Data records

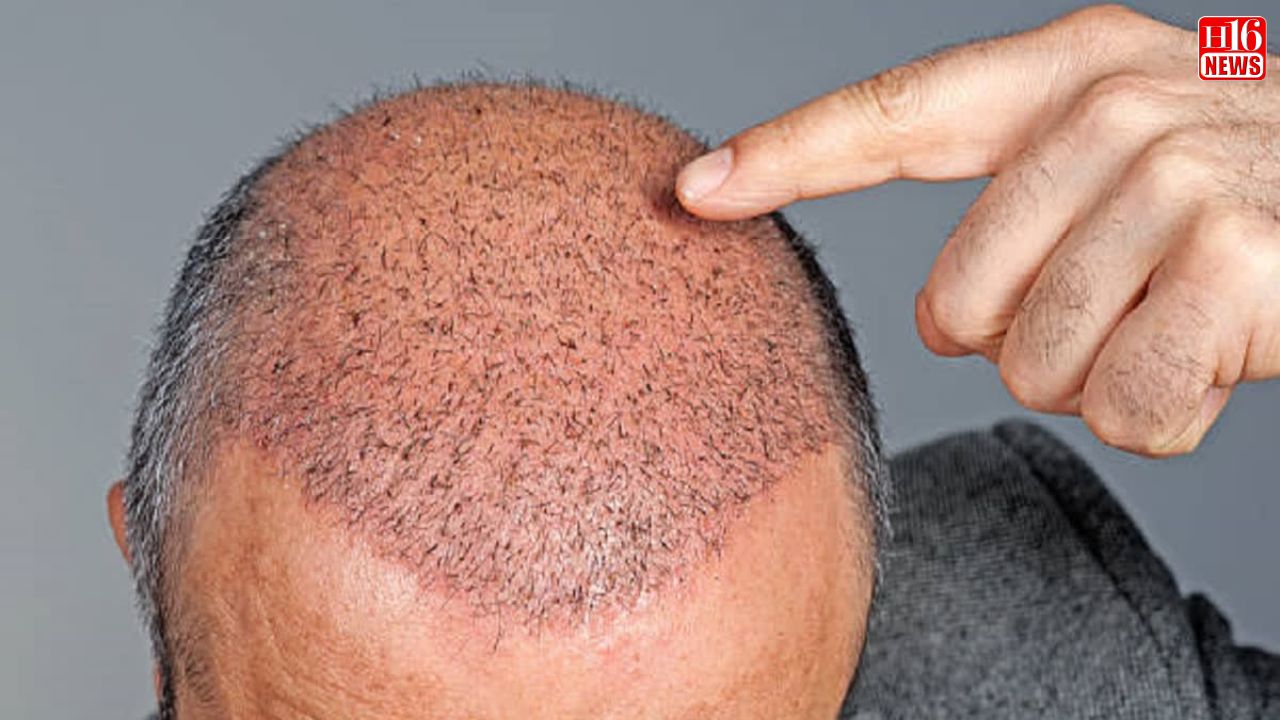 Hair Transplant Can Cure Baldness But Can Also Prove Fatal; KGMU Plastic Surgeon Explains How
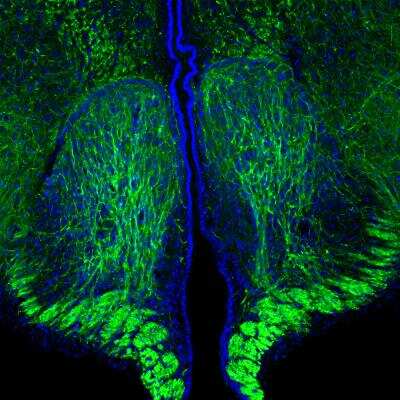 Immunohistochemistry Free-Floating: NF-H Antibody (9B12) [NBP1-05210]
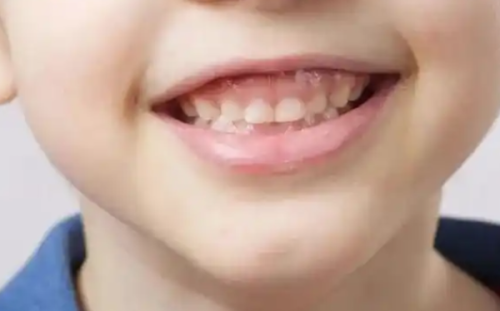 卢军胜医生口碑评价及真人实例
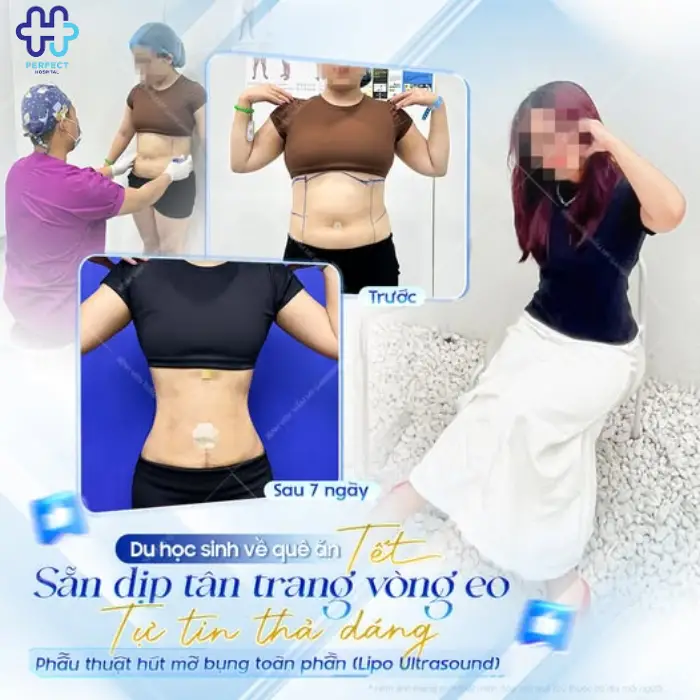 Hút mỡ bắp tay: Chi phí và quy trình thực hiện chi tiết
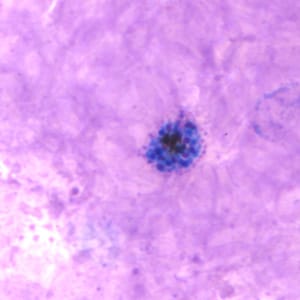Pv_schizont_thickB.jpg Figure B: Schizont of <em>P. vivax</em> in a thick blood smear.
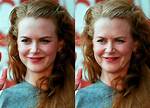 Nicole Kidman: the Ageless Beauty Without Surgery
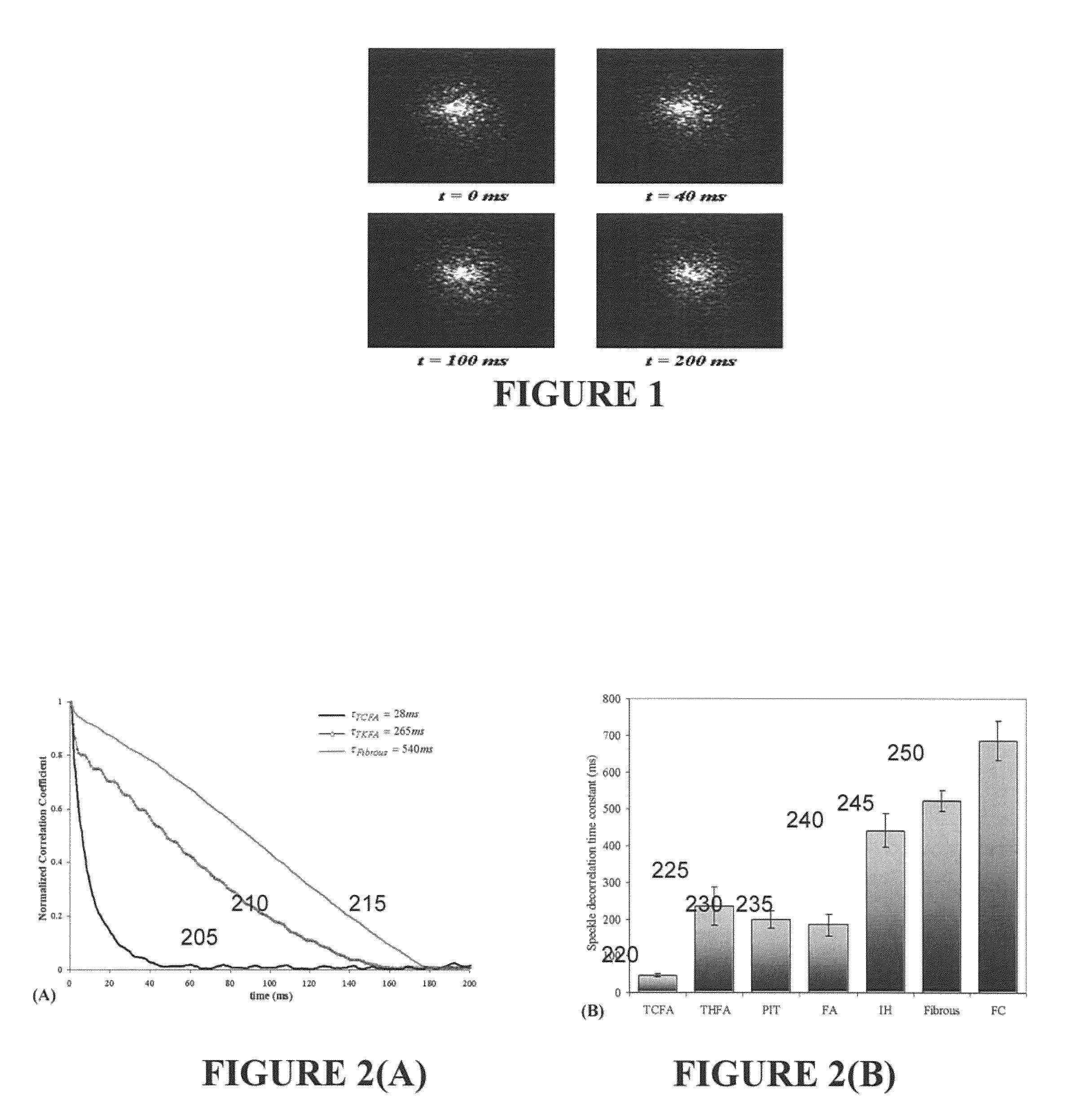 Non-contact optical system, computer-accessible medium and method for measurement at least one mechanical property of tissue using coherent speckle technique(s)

...

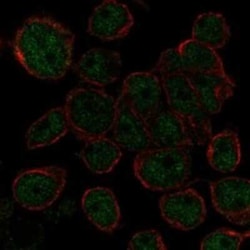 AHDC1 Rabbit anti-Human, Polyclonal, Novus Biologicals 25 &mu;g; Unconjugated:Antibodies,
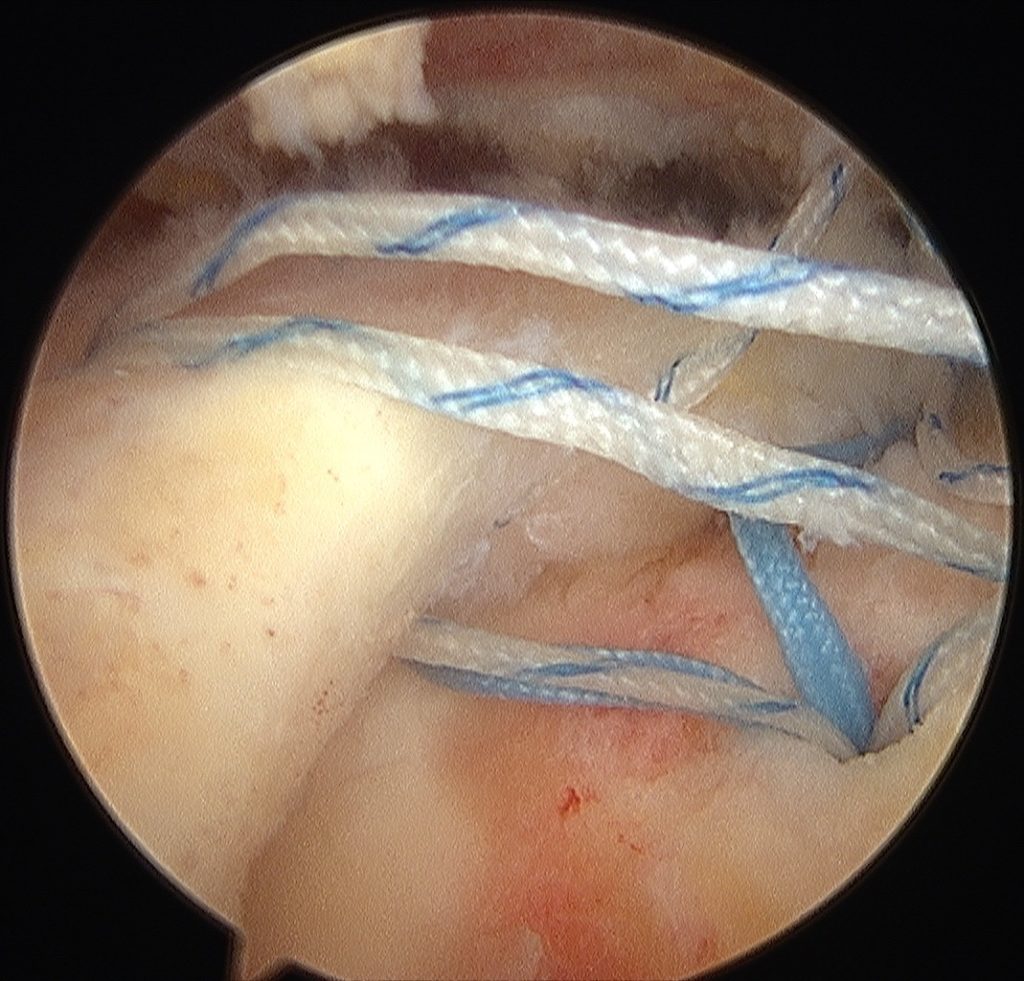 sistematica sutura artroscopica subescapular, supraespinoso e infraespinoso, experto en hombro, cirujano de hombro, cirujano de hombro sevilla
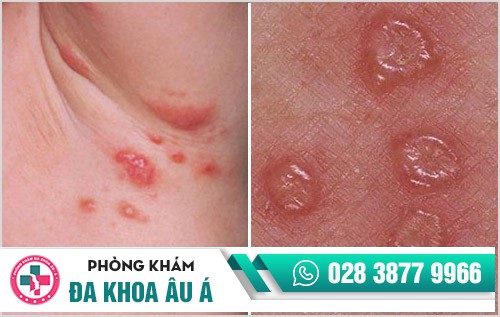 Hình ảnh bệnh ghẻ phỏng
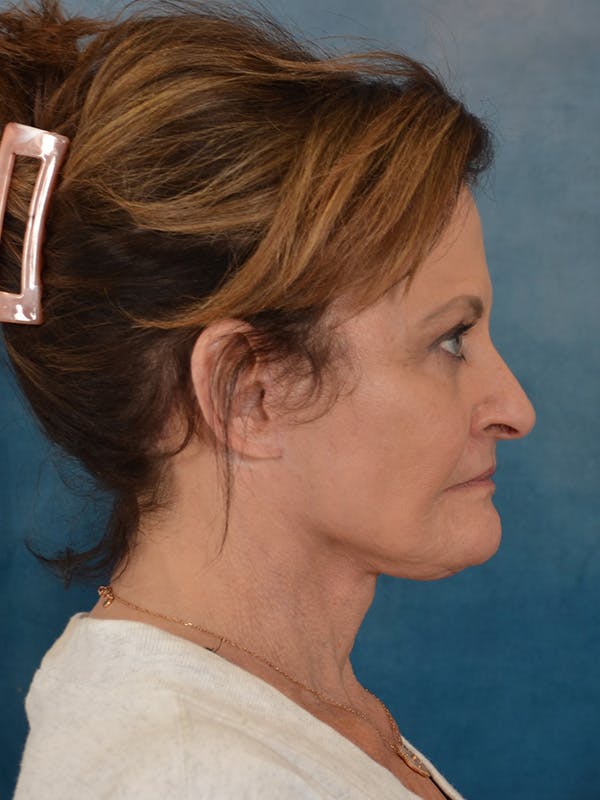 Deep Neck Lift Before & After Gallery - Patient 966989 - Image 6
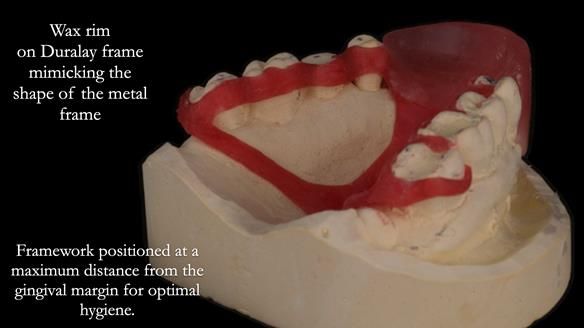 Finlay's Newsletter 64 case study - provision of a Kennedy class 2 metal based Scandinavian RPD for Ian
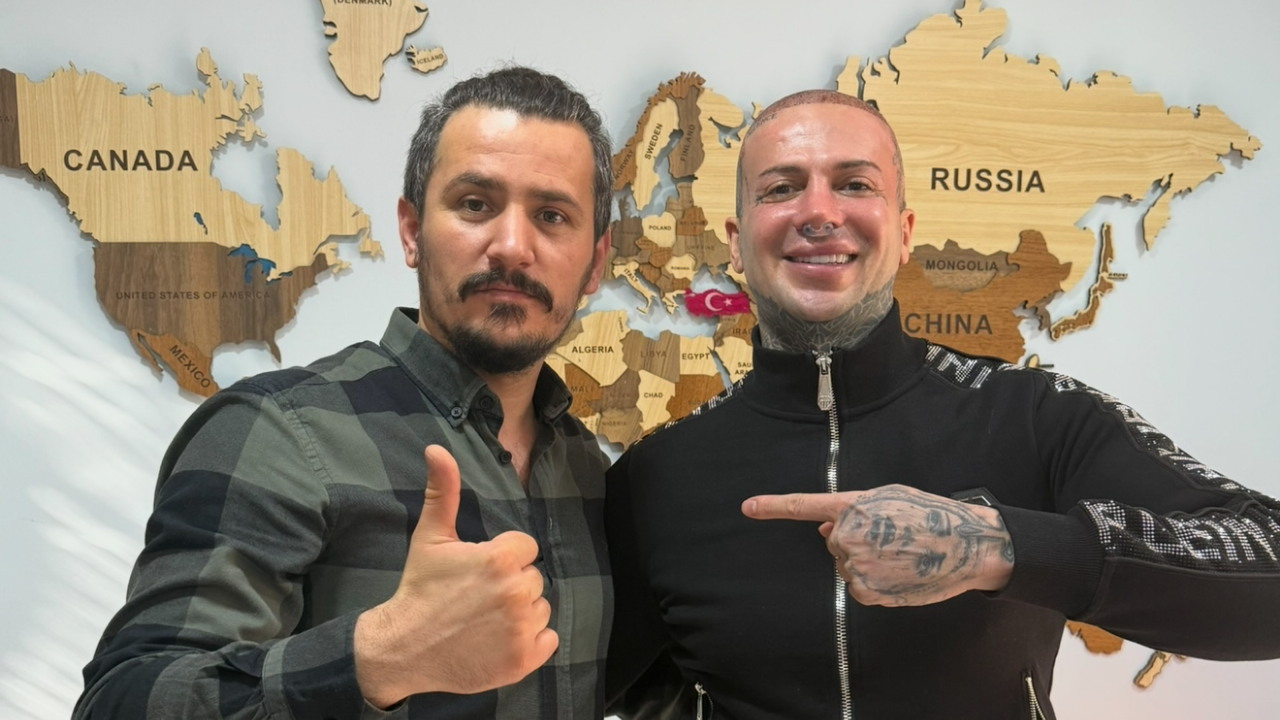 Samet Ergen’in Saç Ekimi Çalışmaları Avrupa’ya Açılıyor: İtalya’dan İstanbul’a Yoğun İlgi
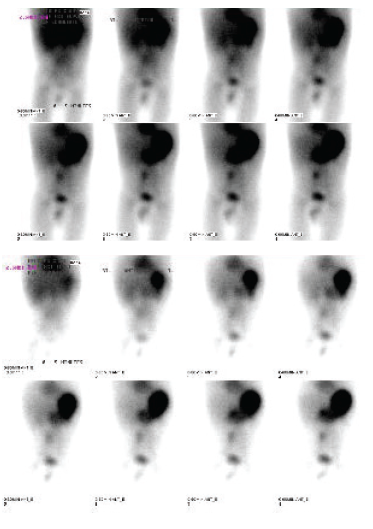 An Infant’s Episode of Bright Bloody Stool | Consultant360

* * *

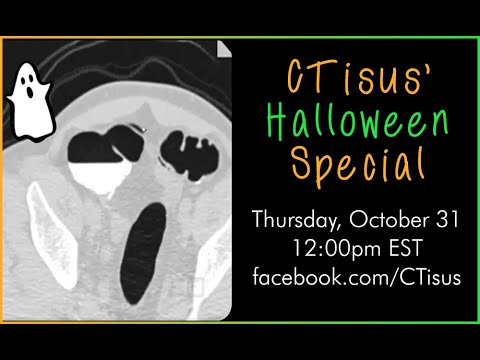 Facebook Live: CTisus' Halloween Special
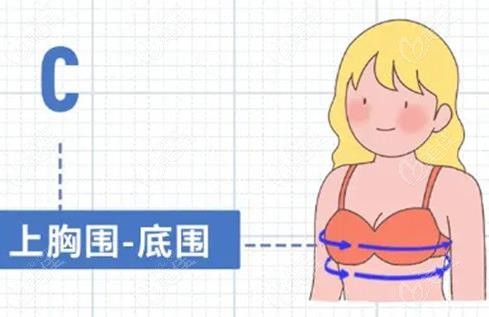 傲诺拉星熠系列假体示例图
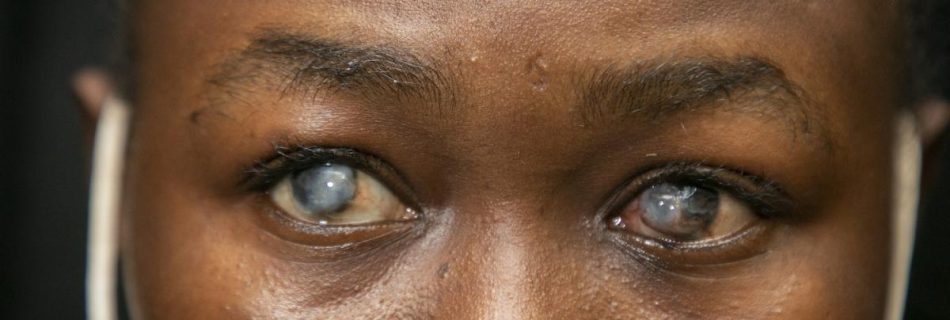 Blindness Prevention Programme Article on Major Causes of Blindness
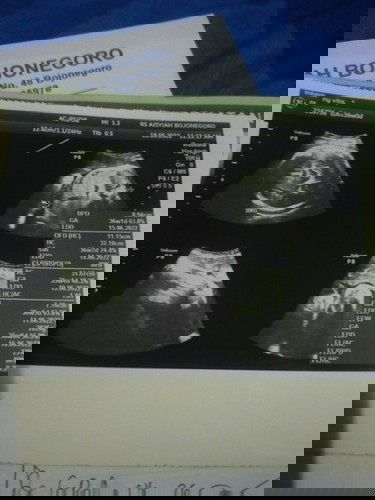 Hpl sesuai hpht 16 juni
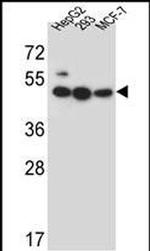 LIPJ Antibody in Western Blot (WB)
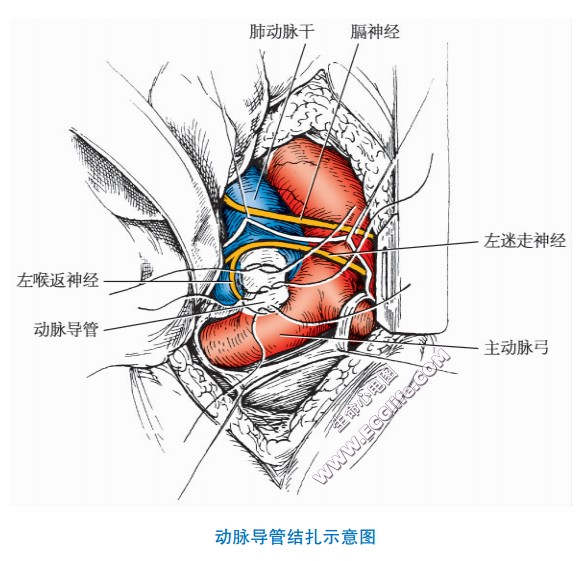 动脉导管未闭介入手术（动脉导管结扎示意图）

▶ Instructions for the task: Starting at the line containing "Hair Transplant Can" and stopping at the line containing "Nicole Kidman: the", output every line above exactly, both ends included, with pictures omitted.

▶ Reply:
 Hair Transplant Can Cure Baldness But Can Also Prove Fatal; KGMU Plastic Surgeon Explains How
 Immunohistochemistry Free-Floating: NF-H Antibody (9B12) [NBP1-05210]
 卢军胜医生口碑评价及真人实例
 Hút mỡ bắp tay: Chi phí và quy trình thực hiện chi tiết
Pv_schizont_thickB.jpg Figure B: Schizont of <em>P. vivax</em> in a thick blood smear.
 Nicole Kidman: the Ageless Beauty Without Surgery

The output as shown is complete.